Just as his latest masterpiece Dunkirk is about to debut in theaters around the world, Christopher Nolan has made his thoughts on Netflix abundantly clear. The Englishman is synonymous for utilizing IMAX cameras for his films, attempting to make the spectacle as impressive as possible, on the biggest lens and screen possible.
Talking to IndieWire this week, The Dark Knight filmmaker gave the streaming service some choice words. He sees their acquisition of talent as a tactical ploy to hurt the cinematic industry, a move that he feels passionately about.
Nolan on Netflix: Install a 90-Day Window for Integrity
Seeing the likes of Ojka, War Machine and Death Note avoid the theaters and transition straight to televisions, mobiles and tablets, Nolan argues that their tagline does not speak to reality. As far as he is concerned, they are the aggressors making change when change is not warranted.
“Corporations are able to portray this kind of behavior to Wall Street as ‘disruptive,'” he said. “That kind of became a buzzword a few years ago. So the idea that you’re disrupting the existing distribution mechanism has somehow assigned a kind of futuristic value to something that’s always been about lowest common denominator stuff. If Netflix has made a great film, they should put it in theaters. Why not? Stream it 90 days later.”
This would be the start of his case against the premiere of new movies on the site.
“Netflix has a bizarre aversion to supporting theatrical films. They have this mindless policy of everything having to be simultaneously streamed and released, which is obviously an untenable model for theatrical presentation. So they’re not even getting in the game, and I think they’re missing a huge opportunity.

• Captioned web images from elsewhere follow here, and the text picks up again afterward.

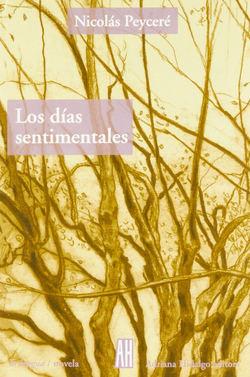 DIAS SENTIMENTALES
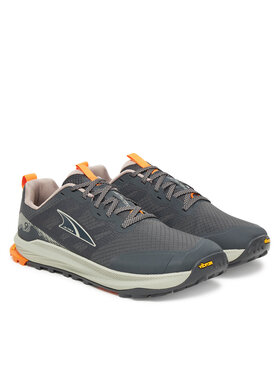 Altra Altra Skriešanas apavi Lone Peak 9+ AL0A85RG Pelēks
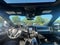 2021 Ford F-450SD Platinum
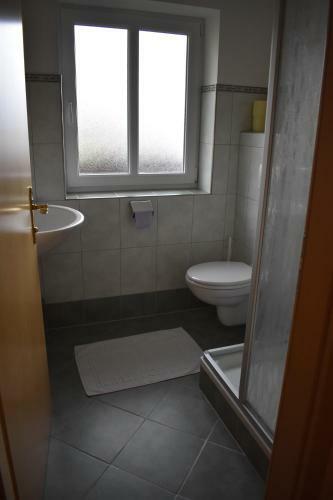 Apartamento Vorderstuhlhof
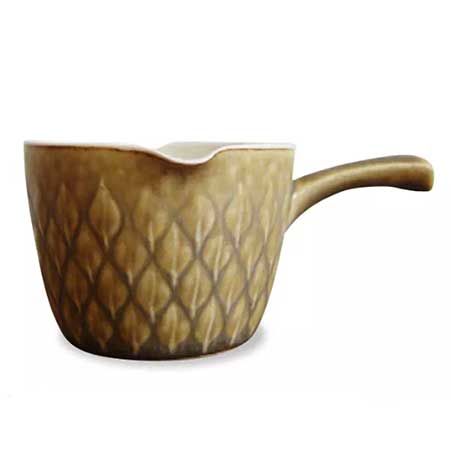 planpo レリーフシリーズ G-PLANの魅力と選び方・取り入れ方のコツは  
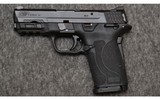 Smith & Wesson~M&P 9 Shield EZ~9 mm - 2 of 5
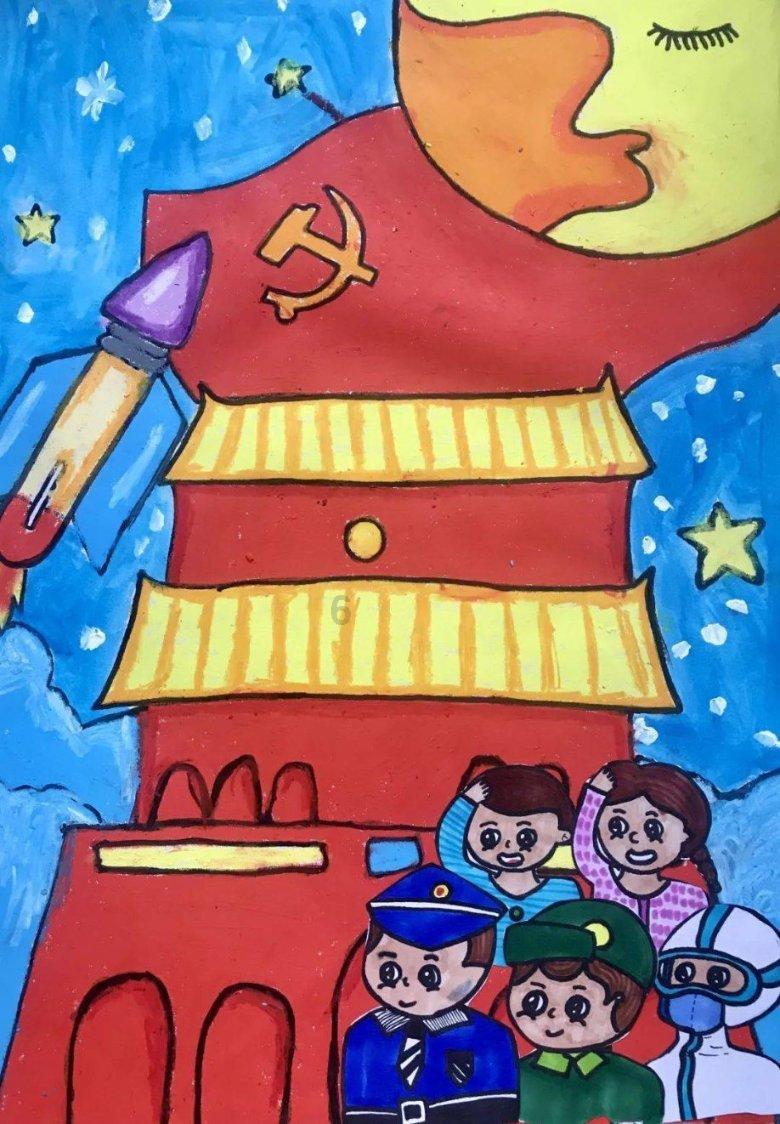 半条命：恐惧之泣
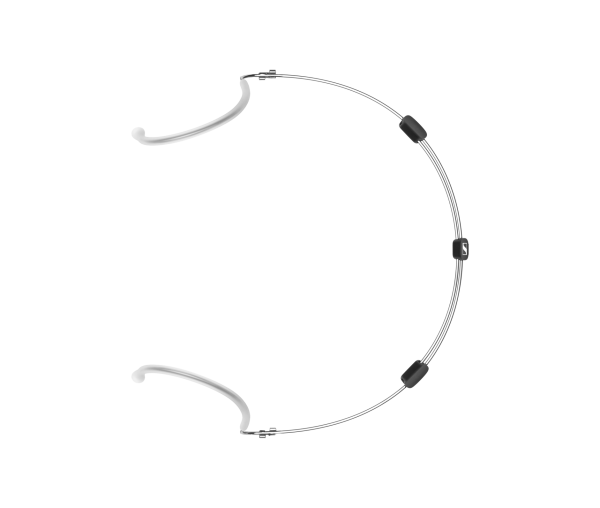 508479_Neckband for HSP Essential_1 508479_Neckband for HSP Essential_1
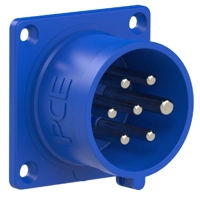 uae/images/productimages/eagle-eye-electrical-equipment-and-tools-trading/industrial-socket/pce-industrial-electrical-sockets-blue.webp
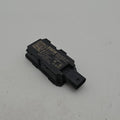 2023 2024 2025 BMW G60 XM X1 X2 X5 X6 X7 Keyless Entry Antenna Module 5B4E029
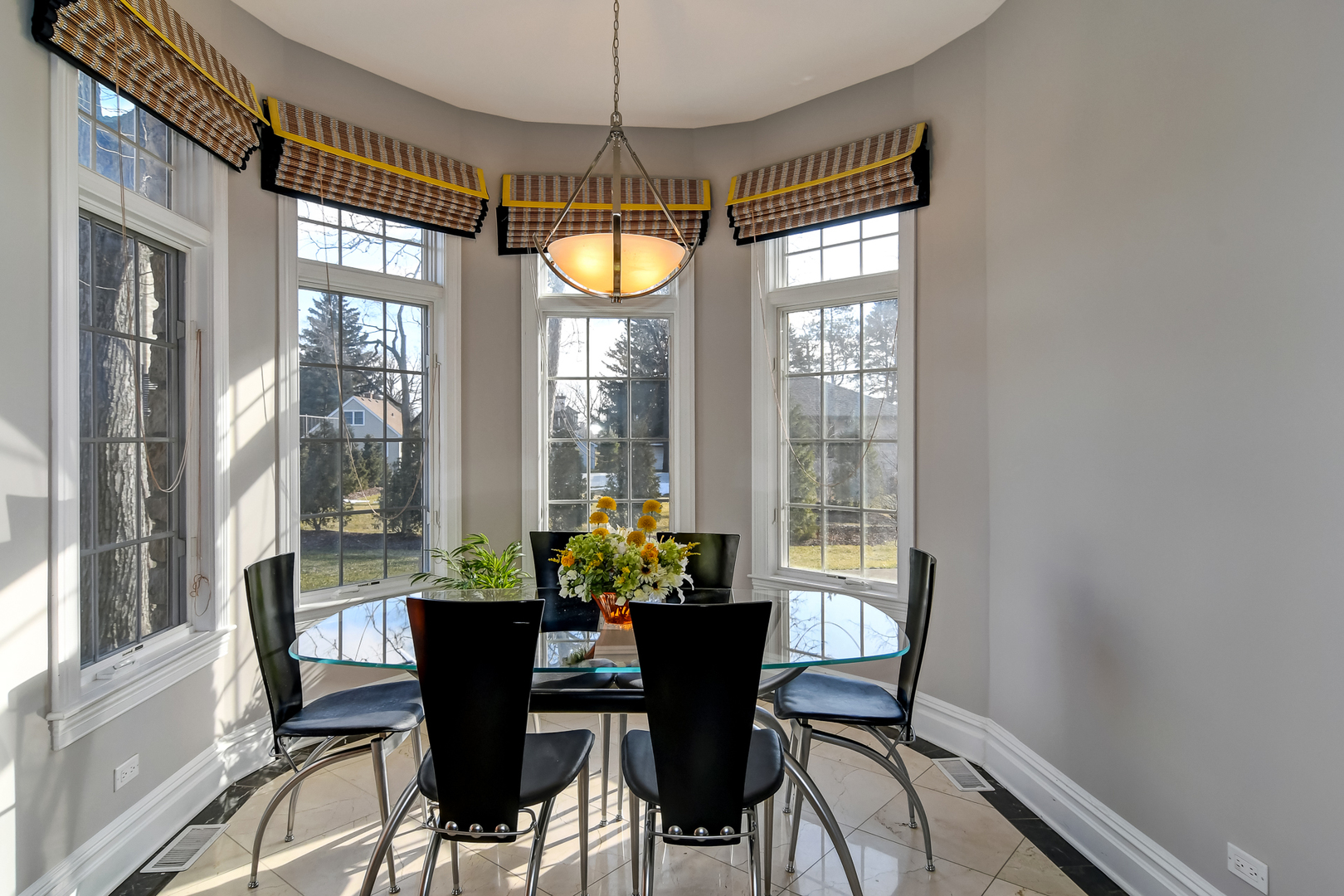 9101 South Garfield Street Burr Ridge, IL 60527 - Photo 13 of 44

"You can see that Amazon is very clearly happy to not make that same mistake. The theaters have a 90-day window. It’s a perfectly usable model. It’s terrific.”

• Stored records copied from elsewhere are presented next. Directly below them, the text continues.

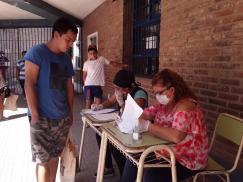 Asistentes Escolares: nueva Circular del Ministerio y alcances del Decreto Nº 337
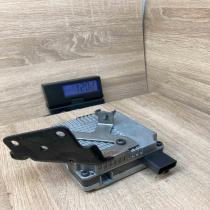 3Z563 99500   Steering rack control module Hyundai i40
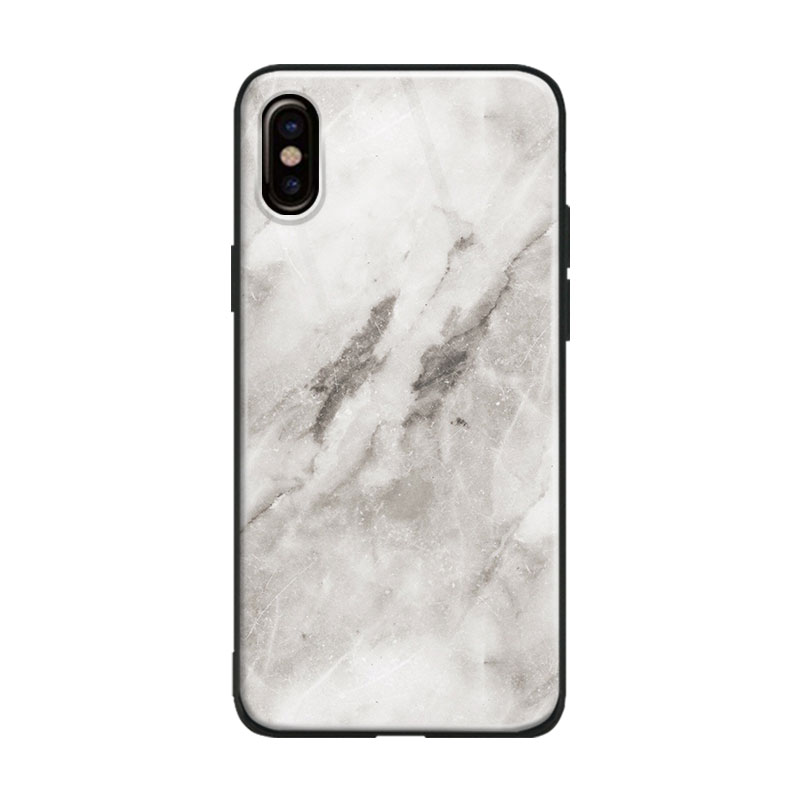 Coque de tÃ©lÃ©phone en verre avec photo personnalisÃ©e, bricolage, impression personnalisÃ©e, iPhone X, 11, 12, 13 Mini, 14, 15 Pro Max, Poly 7, 8, 14 Plus n° 6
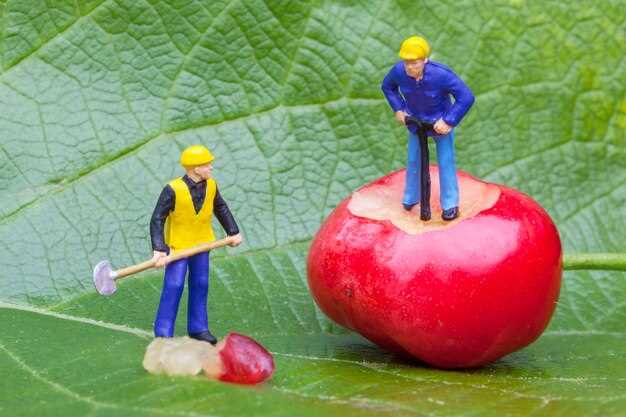 Les pommes et la santé cardiaque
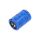 MAL225726821E3 Kondensator elektrolityczny SNAP-IN 820uF 400VDC Ø35x50mm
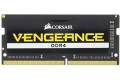 Corsair Vengeance 32gb 4000mhz Ddr4 Sdram So-dimm 260-pin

While there is value to be had on their part, the bypassing of the cinema will erode the industry in the long-term.
“I think the investment that Netflix is putting into interesting filmmakers and interesting projects would be more admirable if it weren’t being used as some kind of bizarre leverage against shutting down theaters. It’s so pointless. I don’t really get it.”
Golden Age of TV All About Perspective
Nolan admits that this fight between studios, consumers and filmmakers is far from a new phenomenon.

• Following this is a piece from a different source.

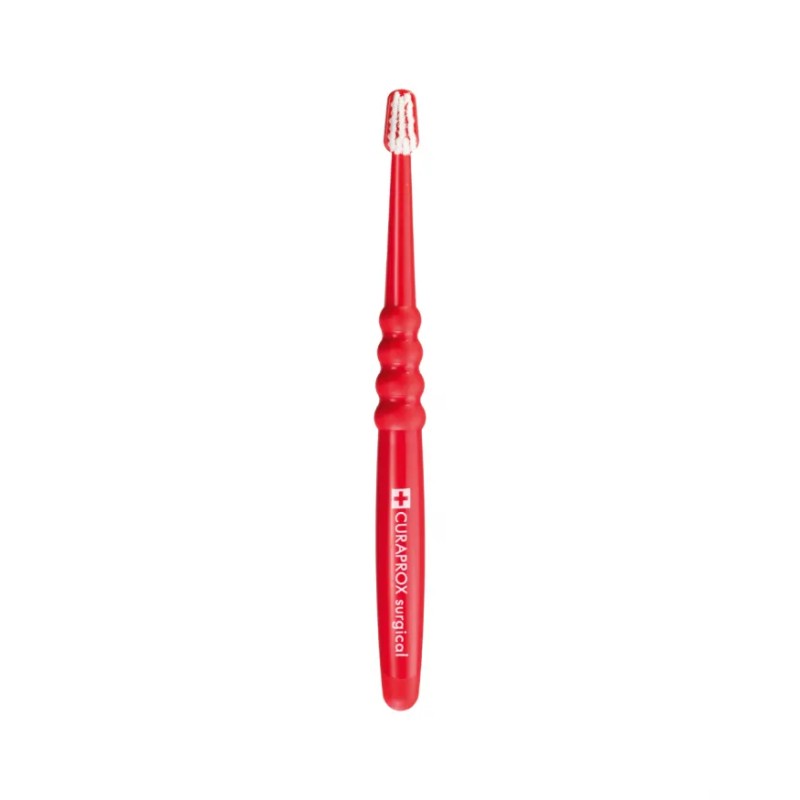 Curaprox Escova de Dentes Surgical Mega Soft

“I grew up in the ‘80s, the birth of home video,” he recalled. “Your worst nightmare in the ‘90s as a filmmaker was that the studio would turn around and go, ‘You know what? We’re going to put it on video instead of theaters.’ They did that all the time. There’s nothing new in that.”
With his brother Jonathan helping to produce HBO's Westworld, the 46-year old is adamant that this generation cannot lay claim to being in the "golden age of television" despite their successes.
“Every generation thinks they’re the ones who invented television and that there’s never been any good television before. I think when you look at the different supposed golden eras of television, there is a tendency in the television community or the press around it to eulogize about TV. Film tends not to do that about itself. The film industry tends to not sit around and go, ‘Oh, what we do is so much better than what Howard Hawks was doing in ‘50s or whatever. It’s just a stylistic difference.”
For Nolan, the same was being said when video consoles were bursting through the market.
“Ten years ago I’d get asked a lot of questions about the video game industry,” he said. “Like, is that going to kill movies or whatever? It’s a different thing. Now it’s VR. They’re just different things. I love television. It’s great. I love what my brother’s doing in TV, I love watching him work in that format. It’s just a completely different medium.”
Dunkirk opens this Friday on July 21.